“What we’ve been talking about the most is availability of scholarships for African-American students, as well as further recruitment efforts in metropolitan areas that have a high population of African-American students,” Collier told reporters.
Black students started a campaign called “Being Black at The University of Michigan,” (#BBUM). According to USA Today, when Collier asked black students to tweet about what it’s like being black at the University of Michigan, there were thousands of responses that characterized the black experience on campus.
–“Dealing with the irony of being the only black person in a class where the prof says it’s easier for black folks to get admitted.”
–“#BBUM is NOT raising your hand in class because you do not want to be THAT black person who just doesn’t get it”
–“U can’t simply strategically place a few colorful faces on a pamphlet & call urself a diverse instit #BBUM”
–“having to be a ‘know it all’ in order to receive full credit on assignments b/c your peers second-guess all of your answers”
–“that first class when black culture becomes the topic and you suddenly become the voice of all black people”
–“Are you from Detroit? What sport do you play?”
“We just wanted to bring awareness to things that black students go through, day to day,” Collier told USA Today. Students met recently with college officials to demand more funding for a new multicultural center to provide affordable housing for students who are financially disadvantaged. Collier also demanded that college officials increase enrollments at Michigan by 10 percent.

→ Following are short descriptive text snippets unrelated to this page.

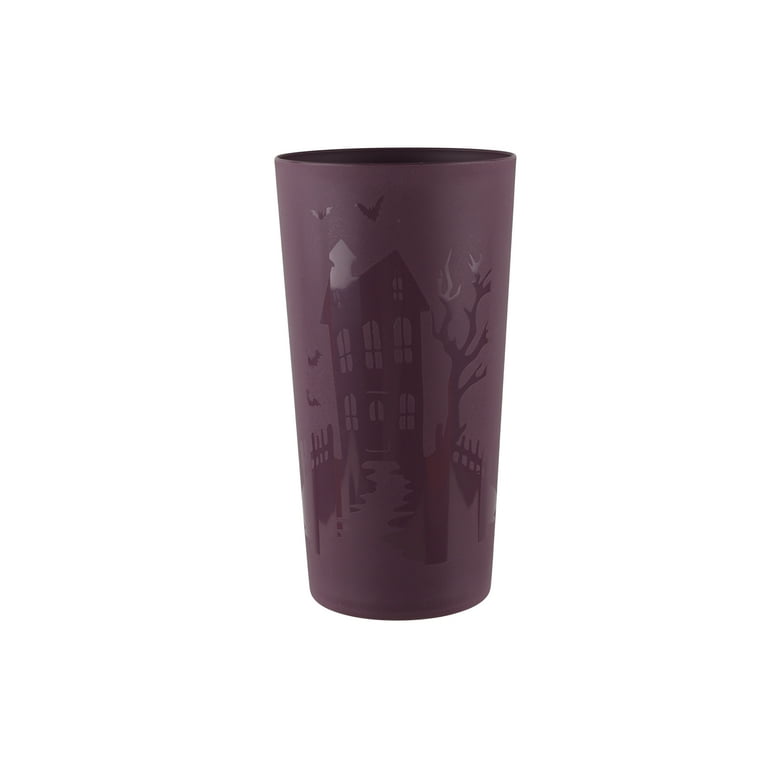 Mainstays 30-Piece Plastic Etched Haunted House Dinnerware Set, Purple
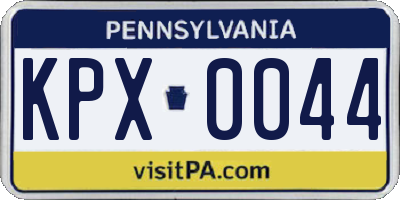 PA license plate KPX0044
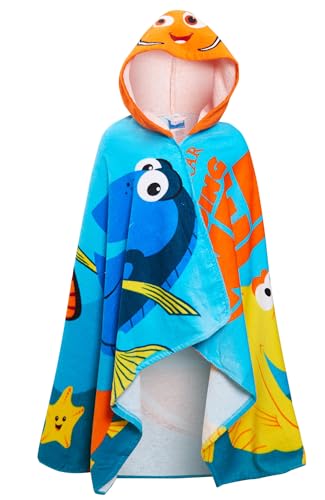 Disney Le Monde de Nemo Serviette à capuche 100% coton pour enfants Poncho de plage Serviette de bain Wrap, bleu, taille unique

Collier is not alone. Black college students across the country are reporting racist incidents and are meeting with college officials to complain about a wave of discriminatory actions targeting African-American students.
In January, for example, a white fraternity at Arizona State University sponsored a party over the Martin Luther King holiday that showed white students wearing baggy pants and posing with cups made from hollowed-out watermelons.
At the University of Nebraska-Lincoln, a student used the N-word during a committee hearing in which he opposed a resolution encouraging student representatives not to use derogatory language in everyday speech.
And a San Jose State University, three white students were charged with hate crimes, including calling their black roommate derogatory names, writing racial epithets on whiteboards in their suite, and, at one point, hanging a bicycle lock around his neck.
Meanwhile, at the University of Michigan, President Mary Sue Coleman says she understands the concerns expressed from black students.
“We hear loud and clear that students of color feel isolated and marginalized and that our frequently declared ‘commitment to diversity’ is perceived as disingenuous,” Coleman told reporters.
I’m glad Coleman says she gets it, but now what? What do you think?